#### [Exercise goal]
Reproduce only the stretch of entries below that begins at the first line and ends at the line holding "Lithonia Contractor Select".

(Data records)
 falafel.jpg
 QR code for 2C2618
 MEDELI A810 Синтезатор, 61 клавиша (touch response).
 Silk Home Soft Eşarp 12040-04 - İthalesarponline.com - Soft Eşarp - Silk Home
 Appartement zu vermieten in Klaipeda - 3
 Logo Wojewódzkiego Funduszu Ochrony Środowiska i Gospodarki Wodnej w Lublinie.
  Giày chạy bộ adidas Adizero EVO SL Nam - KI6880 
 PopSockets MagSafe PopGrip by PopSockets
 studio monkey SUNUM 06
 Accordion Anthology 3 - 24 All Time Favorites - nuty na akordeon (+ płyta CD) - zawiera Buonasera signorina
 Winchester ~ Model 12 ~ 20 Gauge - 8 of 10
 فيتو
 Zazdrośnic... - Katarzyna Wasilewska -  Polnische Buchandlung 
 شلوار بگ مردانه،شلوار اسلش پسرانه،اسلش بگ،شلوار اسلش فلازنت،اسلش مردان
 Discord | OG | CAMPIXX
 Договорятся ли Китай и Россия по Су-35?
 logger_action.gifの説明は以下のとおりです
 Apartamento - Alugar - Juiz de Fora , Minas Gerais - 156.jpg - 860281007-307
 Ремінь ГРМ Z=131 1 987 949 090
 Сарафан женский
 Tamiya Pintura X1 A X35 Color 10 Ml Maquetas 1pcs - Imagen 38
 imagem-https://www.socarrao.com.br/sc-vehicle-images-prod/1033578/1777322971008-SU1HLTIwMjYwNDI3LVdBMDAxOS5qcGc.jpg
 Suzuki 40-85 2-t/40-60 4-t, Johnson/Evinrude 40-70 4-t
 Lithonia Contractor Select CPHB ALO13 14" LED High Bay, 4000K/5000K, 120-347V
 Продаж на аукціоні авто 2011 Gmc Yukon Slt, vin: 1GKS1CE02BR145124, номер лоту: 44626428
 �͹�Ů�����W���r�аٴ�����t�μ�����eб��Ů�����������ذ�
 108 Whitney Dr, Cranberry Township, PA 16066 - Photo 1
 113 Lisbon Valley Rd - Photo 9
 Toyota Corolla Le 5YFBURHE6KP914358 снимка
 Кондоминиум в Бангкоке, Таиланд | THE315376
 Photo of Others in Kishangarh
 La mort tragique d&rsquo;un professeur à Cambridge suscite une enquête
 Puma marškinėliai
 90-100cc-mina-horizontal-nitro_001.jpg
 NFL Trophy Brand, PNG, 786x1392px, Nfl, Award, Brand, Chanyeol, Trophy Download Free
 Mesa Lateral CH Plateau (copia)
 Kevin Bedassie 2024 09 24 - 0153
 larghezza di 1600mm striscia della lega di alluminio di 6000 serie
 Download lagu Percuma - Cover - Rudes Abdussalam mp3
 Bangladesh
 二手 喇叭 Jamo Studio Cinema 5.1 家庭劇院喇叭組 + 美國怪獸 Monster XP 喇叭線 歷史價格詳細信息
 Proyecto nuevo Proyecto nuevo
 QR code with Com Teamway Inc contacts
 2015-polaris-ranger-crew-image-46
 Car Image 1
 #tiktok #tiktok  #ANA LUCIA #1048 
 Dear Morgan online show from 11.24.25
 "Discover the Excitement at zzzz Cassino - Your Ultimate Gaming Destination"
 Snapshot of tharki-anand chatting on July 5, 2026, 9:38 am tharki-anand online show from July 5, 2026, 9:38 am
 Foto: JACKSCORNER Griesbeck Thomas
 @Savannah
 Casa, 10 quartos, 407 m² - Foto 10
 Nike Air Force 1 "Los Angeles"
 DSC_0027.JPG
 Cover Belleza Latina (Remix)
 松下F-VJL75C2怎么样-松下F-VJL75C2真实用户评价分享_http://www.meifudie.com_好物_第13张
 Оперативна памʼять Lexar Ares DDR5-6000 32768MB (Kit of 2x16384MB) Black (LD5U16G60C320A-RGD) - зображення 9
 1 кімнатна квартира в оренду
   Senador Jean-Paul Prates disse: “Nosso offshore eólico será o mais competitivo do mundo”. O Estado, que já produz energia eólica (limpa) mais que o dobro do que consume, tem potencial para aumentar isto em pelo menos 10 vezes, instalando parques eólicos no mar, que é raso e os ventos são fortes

#### [Result of this exercise]
 falafel.jpg
 QR code for 2C2618
 MEDELI A810 Синтезатор, 61 клавиша (touch response).
 Silk Home Soft Eşarp 12040-04 - İthalesarponline.com - Soft Eşarp - Silk Home
 Appartement zu vermieten in Klaipeda - 3
 Logo Wojewódzkiego Funduszu Ochrony Środowiska i Gospodarki Wodnej w Lublinie.
  Giày chạy bộ adidas Adizero EVO SL Nam - KI6880 
 PopSockets MagSafe PopGrip by PopSockets
 studio monkey SUNUM 06
 Accordion Anthology 3 - 24 All Time Favorites - nuty na akordeon (+ płyta CD) - zawiera Buonasera signorina
 Winchester ~ Model 12 ~ 20 Gauge - 8 of 10
 فيتو
 Zazdrośnic... - Katarzyna Wasilewska -  Polnische Buchandlung 
 شلوار بگ مردانه،شلوار اسلش پسرانه،اسلش بگ،شلوار اسلش فلازنت،اسلش مردان
 Discord | OG | CAMPIXX
 Договорятся ли Китай и Россия по Су-35?
 logger_action.gifの説明は以下のとおりです
 Apartamento - Alugar - Juiz de Fora , Minas Gerais - 156.jpg - 860281007-307
 Ремінь ГРМ Z=131 1 987 949 090
 Сарафан женский
 Tamiya Pintura X1 A X35 Color 10 Ml Maquetas 1pcs - Imagen 38
 imagem-https://www.socarrao.com.br/sc-vehicle-images-prod/1033578/1777322971008-SU1HLTIwMjYwNDI3LVdBMDAxOS5qcGc.jpg
 Suzuki 40-85 2-t/40-60 4-t, Johnson/Evinrude 40-70 4-t
 Lithonia Contractor Select CPHB ALO13 14" LED High Bay, 4000K/5000K, 120-347V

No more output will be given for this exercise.